The Rev. Leslie M. St. Louis



Many of you know that my practice is to come home after church on Sunday, and after a bit of a rest, read the lections for the following week. Last Sunday I altered that practice just a bit. I came home and had some lunch and then read the lections before heading to the pool. I wanted to get the last two days of summer sunshine at the pool in. As I sat at the pool, I watched a young pair of Ospreys—I presumed it was the pair that nest not far from my house—swoop out over the water hunting and then make a big circle over land before coming back again and again in wider and wider arcs. Their shrill cries one to the other could be heard even over the laughter of the children on this end of summer afternoon.

On Monday morning, as I walked Jaedah, I watched the male again making swoops and circles over the water. This time he was alone, and although his call broke the morning stillness, there was no response. As we walked, I followed his ever widening and ever climbing circles headed slowly south until his broad dark wingspan became but a speck in the sky, soon swallowed away by the brilliant blue of late summer. I remember looking up in the sky as I took my lectionary book out to read the lections once again later that morning, but there was only blue, no dark speck anywhere around.

It wasn’t until Wednesday afternoon, as Jaedah and I walked, that I really realized that they were gone. What I had witnessed on Sunday and Monday was the last of the Osprey that had been with us this summer make their final ascent into streams of air that would carry them thousands of miles to the south. Their cries no longer filled the summer air and somehow the droning of the last of this year’s cicadas only made it seem that much more empty. The absence of their presence was palpable and all around me, and it spoke of the end of summer, the loss of what we all, I think consider, precious time.

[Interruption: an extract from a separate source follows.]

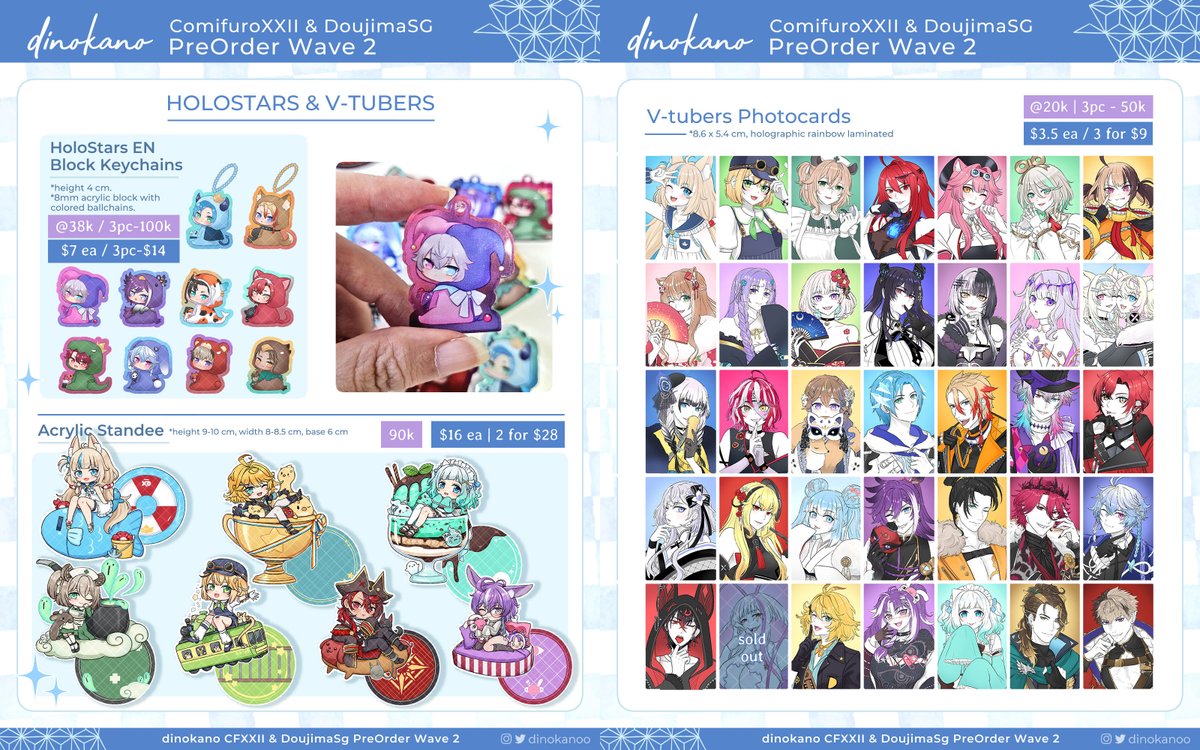 dinokano | Comifuro22 AE-52 | Comm Open 🍀 tweet media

I don’t know about you but I always feel at somewhat of a loss at the end of summer, as if a good friend has moved away, and even though I know they will be back I am sad to not see them now and I miss them. When I lived in Rochester I felt the same way about the end of fire season—when the last bit of snow in the shadiest part of the yard has finally melted and you can open the windows day and night and you just know there will be no more fires in the fireplace this year. There is a longing for that which is lost and a hoping that you will find it again.

That sense is what we encounter in the gospel text for this week, as Jesus tells the story of the lost sheep and the lost coin. Both the shepherd and the woman do everything in their power to bring back that which has been lost. I am sure we all have had that feeling of losing something like a coin that the woman has lost, frantically searching absolutely everywhere to find it and return it to its rightful place. I think that part of the appeal of Facebook and the websites that allow one to find long lost and sometimes unknown relatives is that we get to search for and find that lost sheep in our lives and hopefully have a joyous celebration at the return.

It’s a disquieting feeling to have lost someone or something. I remember in the days and weeks immediately after my father died having the sense that I had just misplaced him, lost him somewhere. I just knew that if I retraced my steps enough times I would find him right where I had left him, much like one finds their wallet that has been misplaced or the keys that are right where we always leave them.

Why do we keep searching? Because deep down we know that nothing can replace that piece that we are missing and that until that someone is returned nothing will assuage that ache we have just to see them. Just them.

I have wondered this week if this is what it is like for God. Always surveying the landscape looking for us, wondering in which of life’s thickets we have been caught. And I have wondered as well if we ever scan the skyline looking for just that speck that might be God coming toward us.